Author: Magdalena Kořínková
They are beautiful, colourful, shiny, and valuable. They have captivated us for thousands of years, and this is still true today. However, for a mineral to be classified as a gemstone, it must meet certain criteria. A gemstone must be visually appealing, have a high lustre, light refraction, attractive colour, and be clear or transparent. Sometimes meeting just one of these qualities is enough for a stone to be classified as a gemstone. This was not always the case. Let us delve into the history of semi-precious and precious stones.
In the past, only rare and very expensive stones were classified as gemstones, while more common stones were considered semi-precious. The distinction between gemstones and semi-precious stones first appeared in the mid-19th century.
Semi-Precious Stones
Until 1935, semi-precious stones referred to minerals that did not meet at least one of the criteria determining whether they would be classified as semi-precious or precious stones. These criteria included transparency, hardness, and suitability for cutting.
Examples of stones previously classified as semi-precious:
- quartz (various colours)
- garnet (red and green)
- turquoise
- topaz (yellow)
- jade (green and white)
- tourmaline (pink, green, and black)
- zircon (red, orange)
Gemstones
Until 1935, gemstones were considered to be minerals that were transparent, suitable for cutting, and had a hardness above 8 on the Mohs scale. Stones that met all the criteria except for an 8+ hardness were classified as semi-precious. Interestingly, by this standard, emerald would be a semi-precious stone as its hardness ranges from 7.5 to 8. Yet historically, emeralds are among the most valuable stones, alongside diamonds, sapphires, and rubies, forming the classic “top four” gemstones.
Precious Stones
In 1935, due to these inconsistencies, the term "semi-precious stones" was abolished with the adoption of a new official nomenclature by the international organisation BIBOA (Bureau International des Associations de Fabricants, Grossistes et Détaillants de Joaillerie, Bijouterie, Orfévrerie et Argenterie). The term “jewellery (precious) stones” was introduced. Since then, this term encompasses all minerals, even translucent and opaque ones, used in jewellery.
What qualifies as a precious stone? According to the International Jewellery Confederation (CIBJO), which also publishes lists of recognised gemstones, precious stones are “natural inorganic materials, excluding metals, used in jewellery and artistic creations.” This includes over 100 types of natural substances (minerals or rocks) that meet specific optical and physical properties (colour, transparency, lustre, shape, etc.), durability, and suitability for jewellery use, and, of course, value, which can be influenced by fashion trends and other factors.
Five Categories of Precious Stones
Precious stones can be classified into five categories:
- Main gemstones, such as diamond, corundum (sapphire, ruby), beryls (emerald, aquamarine), topaz, garnet, opal, tourmaline, etc.
- Secondary stones, including pearls, quartz and its varieties, amber, turquoise...
- General stones, such as chalcedony, agate, jade, feldspar...
- Rare stones, which are not commonly used for these purposes, like andalusite, anatase, rutile...
- Synthetic stones, artificially created
Gemstones can also be categorised by origin: mineral-based (diamonds, corundums, beryls, quartz, tourmaline, rubellite, etc.) and organic-based (amber, pearls, coral, shell, or ambergris).
How to Choose the right one?
When investing in a gemstone jewellery piece, antique jewellery is an excellent choice.

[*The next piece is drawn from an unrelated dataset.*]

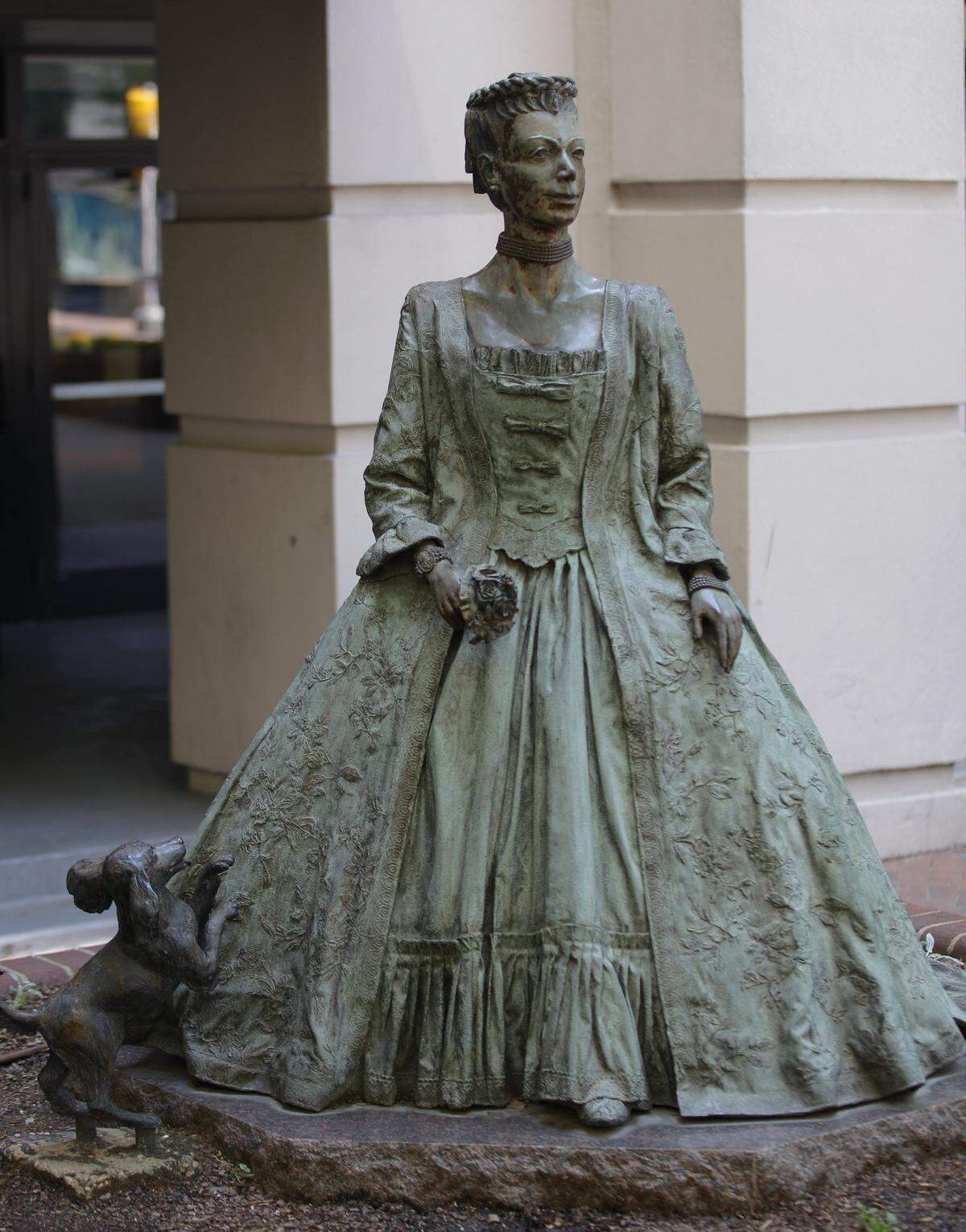 A statue of Queen Charlotte rests along the Liberty Walk on the corner of College St. and Fifth St.
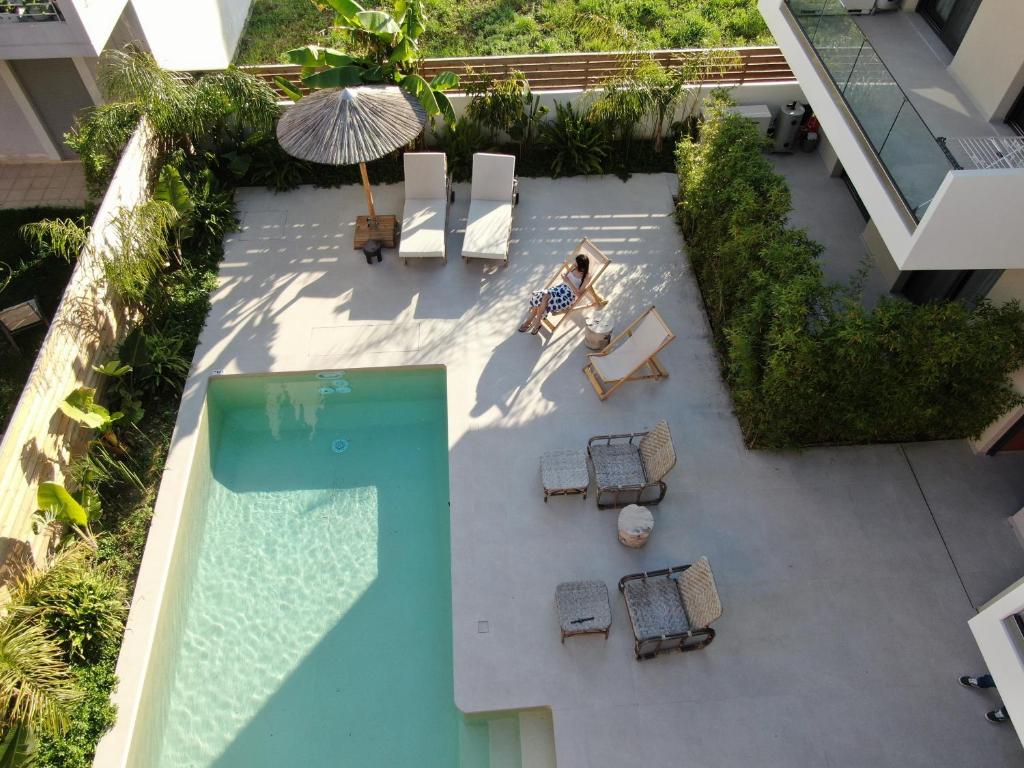 una vista aérea de una piscina con sillas y sombrilla en Pnoe - Feel at Home, en Lefkada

These pieces were undoubtedly handcrafted, and their value is enhanced not only by the materials used but also by their high antique craftsmanship. Today, few can match the precision of the old master goldsmiths, not to mention the classic gem cuts.
Moreover, every antique jewellery piece is unique, ensuring you will not encounter anyone else wearing the same design. Its appeal is often heightened by the story behind it.